Fort Frances needs to find a little more than $1.4 million in its overall budget to avoid a property tax hike in 1999. But the $64,000 question is where?
The committee of the whole of council has now met with the town’s four department managers and its economic development advisor over the past week, hearing presentations on proposed spending allocations from each one.
Geoff Gillon, with the Rainy River Future Development Corp. here, which the town contracts to do its economic development, submitted a budget totalling $75,000.
Of that, $58,214 is a per capita cost the RRFDC charges the town, $9,786 is for projects such as the new town signs, and $7,000 specifically for town promotion.
Gillon noted in his presentation to councillors that the RRFDC was involved in several projects with the town, including the cellular phone project, the bass tournament survey, and regional and U.S. marketing, such as the annual “Northern Networks” trade conference.
< *c>Where the dollars go
But most of the money asked to be spent lies with the town’s four departments—Administration and Finance, Operations and Facilities, Community Services, and Planning and Development.
Of the four, only Community Services’ proposed 1999 budget is smaller than 1998. It came in at $3,884,330 compared to $3.9 million last year (a 0.4 percent decrease) even though manager George Bell is planning for a big increase in the department’s capital budget from $52,350 last year to $101,500 this year.
Operations and Facilities presented the biggest increase for 1999, topping last year’s figures by $959,123.
Manager Jerry Tetu told councillors that most of that comes from a major jump ($489,485) in road work.
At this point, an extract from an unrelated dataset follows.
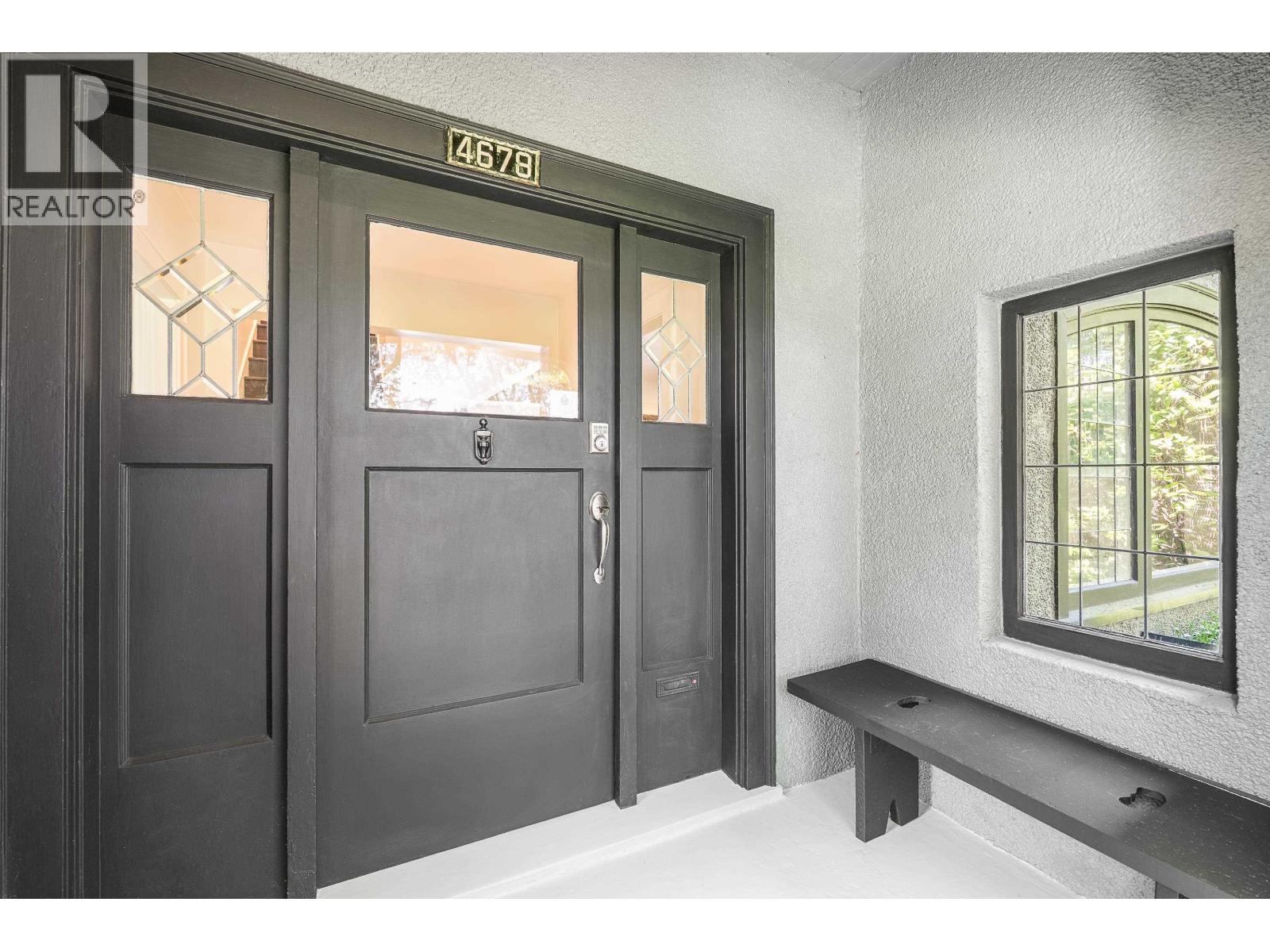 4678 W 9TH AVENUE, Vancouver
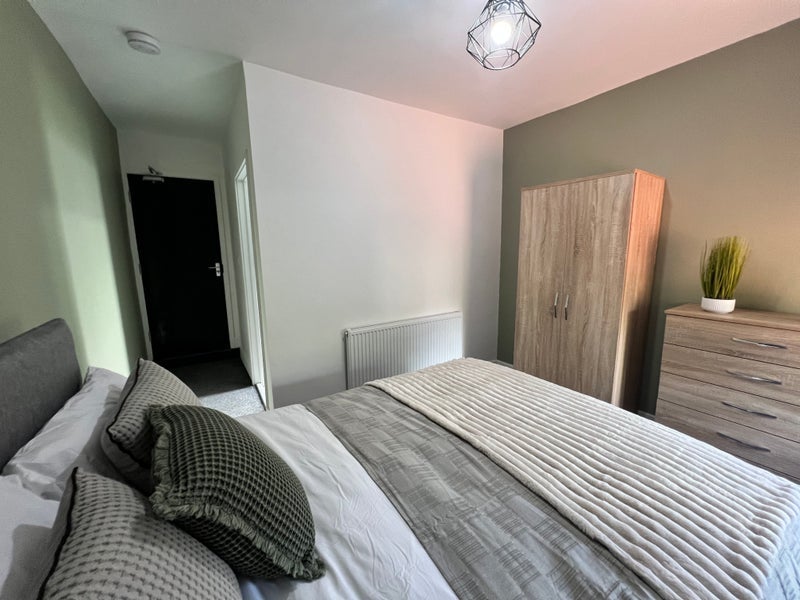 Room Manor Court Road in Nuneaton and Bedworth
He also said another $220,550 had to be spent for maintenance of the connecting link, plus another $196,097 to cover developing a new cell at the landfill site, a slight increase in garbage collection, and a lump sum of $95,700 to pay off the Northwest Ontario Recycle Association (NORA) deficit.
Other increases listed in the Operations and Facilities budget over 1998 were:
•$6,058 for administration;
•$501 for sidewalk repair;
•$5,439 for the industrial park;
•$2,500 for the airport;
•$42,290 for cemeteries; and
•$5,040 for parks upkeep.
Meanwhile, the proposed budget for Planning and Development moved up slightly (from $195,620 last year to $218,300 in 1999). Much of that jump is associated with the implementation of a Geographic Information System to allow for digital mapping (as per a request of the assessment office in Thunder Bay).
And Administration and Finance manager Darryl Allan said his department needs an extra $73,189 in the coming year, including about $20,500 to replace old office equipment, computers, and a photocopier.
He also recommended an additional $23,000 be moved to the department’s reserve fund for future computer upgrades and the next municipal election.
But Allan’s big cost was a $25,000 fund to deal with the “Year 2000” problem.
Mayor Glenn Witherspoon said yesterday that council must now take back what they heard and mull over what expenses stay and which ones go.
“We have an in-camera session at 4 p.m. [Dec. 14] to discuss financial matters,” he said. “That’s where we hope to finalize things.”
Council has one more regular meeting scheduled before January (slated Dec. 21 due to the Christmas holidays), giving it a bit of leeway if things take too long on Dec. 14 to finish up.
But Mayor Witherspoon also said there won’t be any major repercussions if the ’99 budget isn’t passed until the new year.
“If we have to go into January, we will,” he stressed. “But we’re shooting for the positive.”
He also is on record as saying council wants to avoid another property tax increase this year.